Governments need to work towards streamlining elements of a draft agreement for Paris 2015 and explore common ground on unresolved issues in order to achieve a balanced, well-structured, coherent draft for the next round of work on the text in February next year.

In addition to progress made to date towards a Paris agreement, the political will of countries to provide climate finance is increasingly coming to the fore.

At a recent pledging conference held in Berlin, Germany, countries made pledges towards the initial capitalization of the Green Climate Fund totaling nearly $ 9.3 billion USD. Subsequent pledges took this figure to $ 9.6 billion, so that the $ 10 billion milestone is within reach.

“This shows that countries are determined to build trust and to provide the finance that developing countries need to move forward towards decarbonizing their economies and building resilience”, Ms. Figueres said.
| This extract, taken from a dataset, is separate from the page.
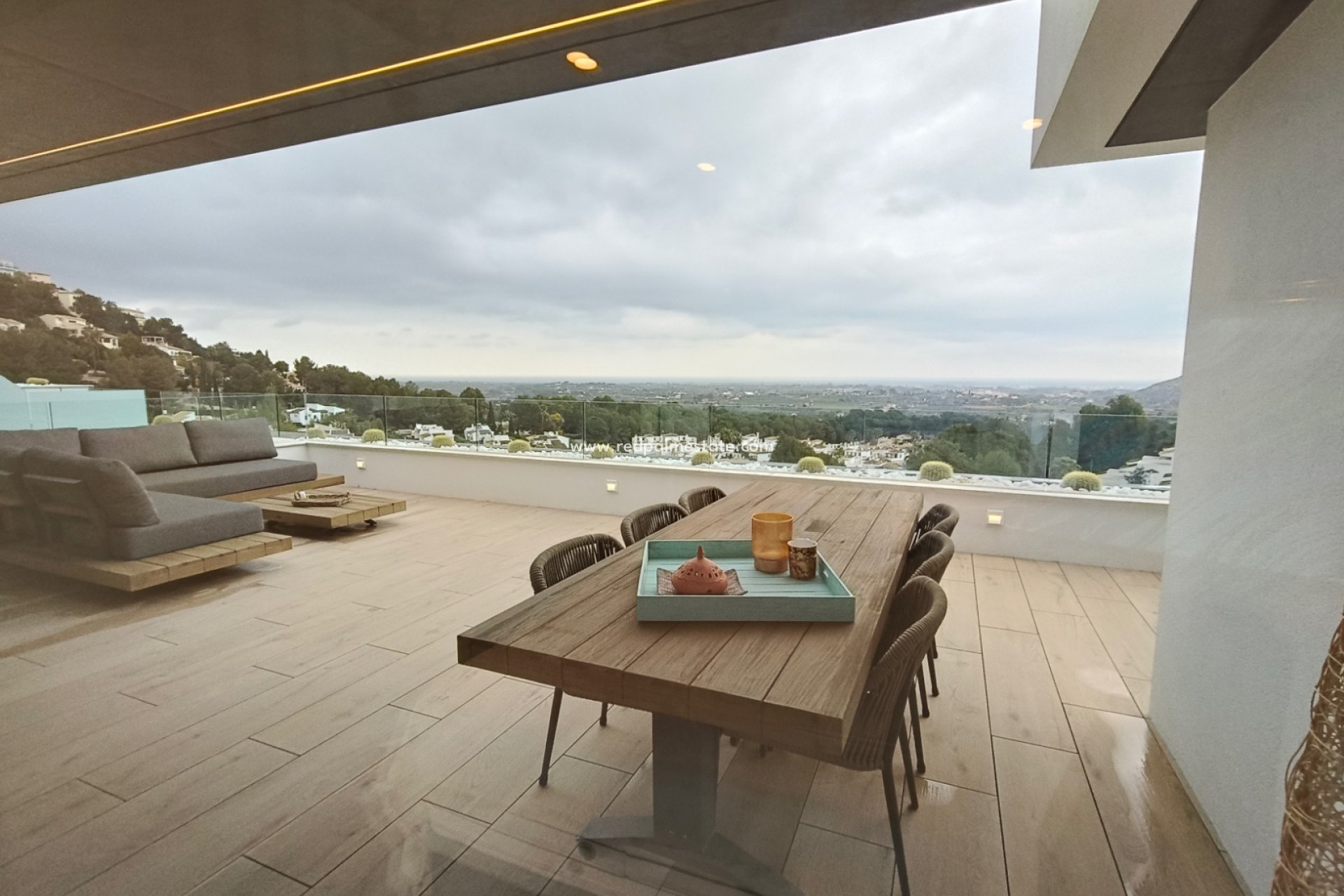 Resale - Apartments -
Denia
In the course of the 2014, governments have been exploring how to raise immediate climate ambition in areas with the greatest potential to curb emissions, ranging from renewable energy to cities.

As part of the “Lima Action Agenda”, countries will decide how to maintain and accelerate cooperation on climate change by all actors, including those flowing from the Climate Summit in September, where many climate action pledges were made.

“We have seen an amazing groundswell of momentum building this year. One of the main deliverables of the Lima conference will be ways to build on this momentum and further mobilize action across all levels of society. Society-wide action in concert with government contributions to the Paris agreement are crucial to meet the agreed goal of limiting global temperature rise to less than two degrees Celsius, and to safeguard this and future generations,” Ms. Figueres said.

As climate change impacts worsen and impact the poor and most vulnerable, governments urgently need to scale up adaptation to climate change. The conference needs to agree on how National Adaptation Plans of developing countries will be funded and turned into reality on the ground. Countries will also work to agree a work program for the Executive Committee of the Warsaw International Mechanism for Loss and Damage, and elect the members of its Executive Committee.

Governments will work to scale up and coordinate the delivery of climate finance and of the various existing funds. A focus will be on identifying ways to accelerate finance for adaptation to climate change. Governments will also recognize the initial capitalization of the GCF, which is expected to reach USD $ 10 billion by the close of the Lima conference.

Countries meeting in Lima will further work to provide support to avoid deforestation. Several developing countries are expected to submit information which would make it possible for them to obtain funding for forest protection.

Governments meeting in Lima are expected to clarify the role of carbon markets in the 2015 global agreement and set a work program for next year to design and develop operations for implementing new market mechanisms.

As part of the efforts by countries to accelerate pre-2020 climate action, the secretariat is organizing a fair 5, 8 and 9 December in Lima to showcase how action is being scaled up and how many countries and non-state actors are taking action and setting an example.